In 2007, activist Peter Tatchell was beaten so brutally by Russian neo-Nazis shouting “death to all homosexuals” that he suffered brain damage and permanently lost sight in his right eye.

He was punched in the face and nearly knocked unconscious, while other demonstrators were beaten, kicked and assaulted. A German MP, Volker Beck, and a European Parliament deputy from Italy, Marco Cappato, were also punched before being arrested and questioned by police.

Tatchell later said “I’m not deterred one iota from coming back to protest in Moscow.” and 11 years later, the brae activist kept his promise and returned to perform a one person protest against the treatment of the LGBTI community in Russia.

The LGBTI people in Russia face legal and social challenges not experienced by non-LGBTI persons. Although same-sex sexual activity between consenting adults in private was decriminalized in 1993, same-sex couples and households headed by same-sex couples are ineligible for the legal protections available to opposite-sex couples.

There are currently NO LAWS prohibiting discrimination based on sexual orientation in Russia.

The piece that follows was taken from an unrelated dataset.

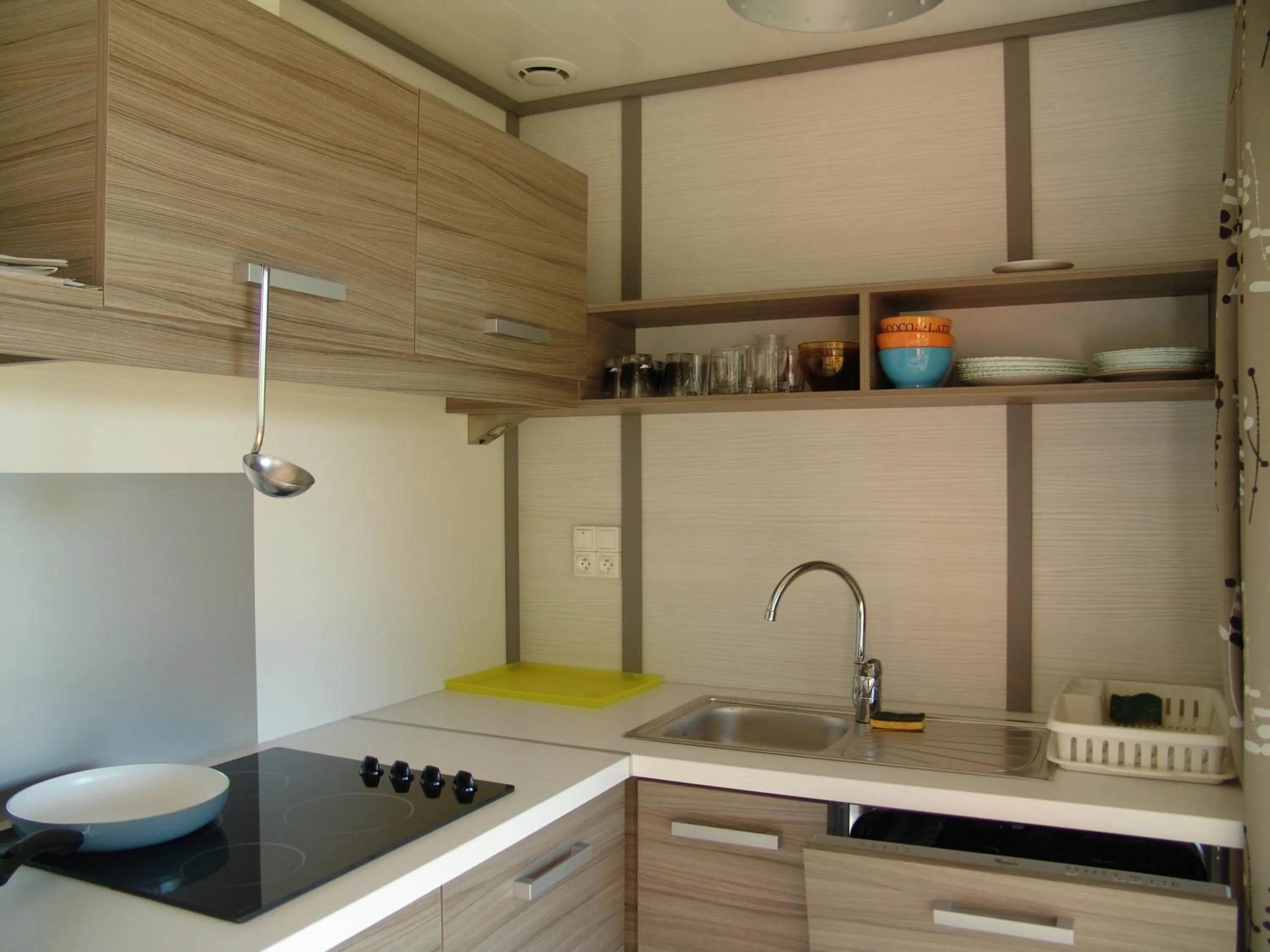 Kitchen or kitchenette in La Colline des Ocres Village de vacances 3 étoiles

Tatchell has spent the majority of his life fighting for the rights of communities, around the globe, that cannot fight for themselves.

“In the 1990s he campaigned for LGBT rights through the direct action group OutRage!, which he co-founded. He has worked on various campaigns, such as Stop Murder Music against music lyrics allegedly inciting violence against LGBT people and writes and broadcasts on various human rights and social justice issues. He attempted a citizen’s arrest of Zimbabwean President Robert Mugabe in 1999 and again in 2001.

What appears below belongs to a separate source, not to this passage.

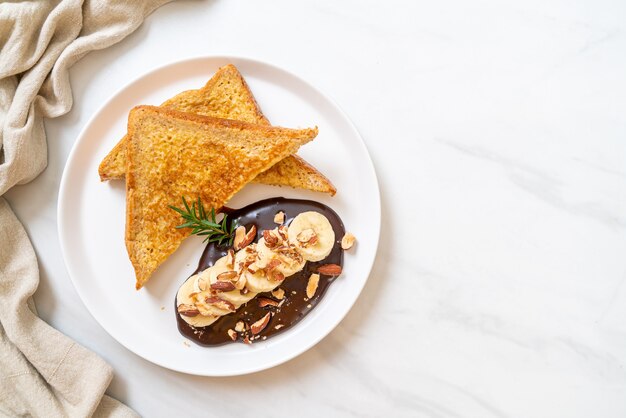 Wentelteefjes met bananenchocolade en amandelen als ontbijt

In April 2004, he joined the Green Party of England and Wales and in 2007 was selected as prospective parliamentary candidate in the constituency of Oxford East, but in December 2009 announced he was standing down due to brain damage he says was caused by a bus accident as well as damage inflicted by Mugabe’s bodyguards when Tatchell tried to arrest him in 2001, and by neo-Nazis in Moscowwhile campaigning for gay rights.

Since 2013 he has been a full-time employee of the Peter Tatchell Foundation.”

Russian police briefly detained the veteran British campaigner in Moscow on Thursday after he attempted to hold a one-man protest near the Kremlin in support of gay rights on the first day of the World Cup.

Peter Tatchell arrested Russia Worldcup Gay Protests

Tatchell’s protest, held three hours before the ceremony, involved the activist unfurling a small banner near the Kremlin’s walls calling attention to what his foundation described as Russia’s mistreatment of LGBT+ people.

“President Putin has failed to condemn and act against the homophobic witch-hunts in Chechnya, which have seen scores of LGBT+ people arrested and tortured, with some even being killed,” Tatchell said in a statement. He said he had been detained in Russia twice before.

Russian police quickly shut the protest down, with one officer telling Tatchell to stop what he was doing.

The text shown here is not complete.